Zhang Zhe-Wei, Xiao Jing, Luo Wei, Wang Bo-Han, Chen Ji-Min
Department of Urology, Second Affiliated Hospital; Ministry of Education Key Laboratory of Cancer Prevention and Intervention, Zhejiang University School of Medicine, Hangzhou, Zhejiang 310009, China.
Chin Med J (Engl). 2015 Nov 5;128(21):2938-45. doi: 10.4103/0366-6999.168065.
Caffeine suppresses ataxia telangiectasia and Rad3 related and ataxia telangiectasia mutated (ATM) activities; ATM is the major kinase for DNA damage detection. This study aimed to investigate the effects of caffeine on DNA damage responses in cells from the bladder cancer cell line RT4 those were exposed to ionizing radiation (IR).
Immunofluorescent staining was performed to investigate changes in the proteins involved in DNA damage responses with or without caffeine. A mouse xenograft model was used to study the effects of caffeine on the DNA damage responses.

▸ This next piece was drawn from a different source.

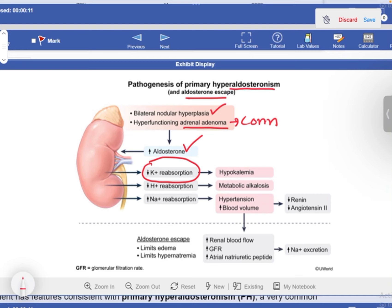The muscle weakness in this patient is from hypokalemia due to insufficient potassium reabsorption. Additionally, hydrogen ions are not reabsorbed, leading to metabolic alkalosis. So from a biochemistry perspective, primary hyperaldosteronism causes metabolic alkalosis. The increased sodium reabsorption leads to hypertension and increased blood volume, which suppresses renin — explaining the low renin level seen in this patient's laboratory evaluation.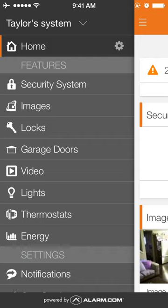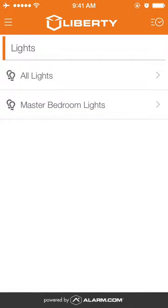Under the features, you will have your lights function. It's possible to set groups of lights; in this case we'll go to all lights.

Western blotting was used to investigate the effects of caffeine pretreatment on the ATM-Chk2-p53-Puma axis, while real-time polymerase chain reaction (RT-PCR) assessed changes in messenger RNA levels of p53 and downstream targets responding to IR. Finally, terminal deoxynucleotidyl transferase-dUTP nick end labeling assay. Western blotting and colony formation assay were used to measure the effects of caffeine on radiation-related apoptosis. All of the data were analyzed with a two-tailed Student's t-test.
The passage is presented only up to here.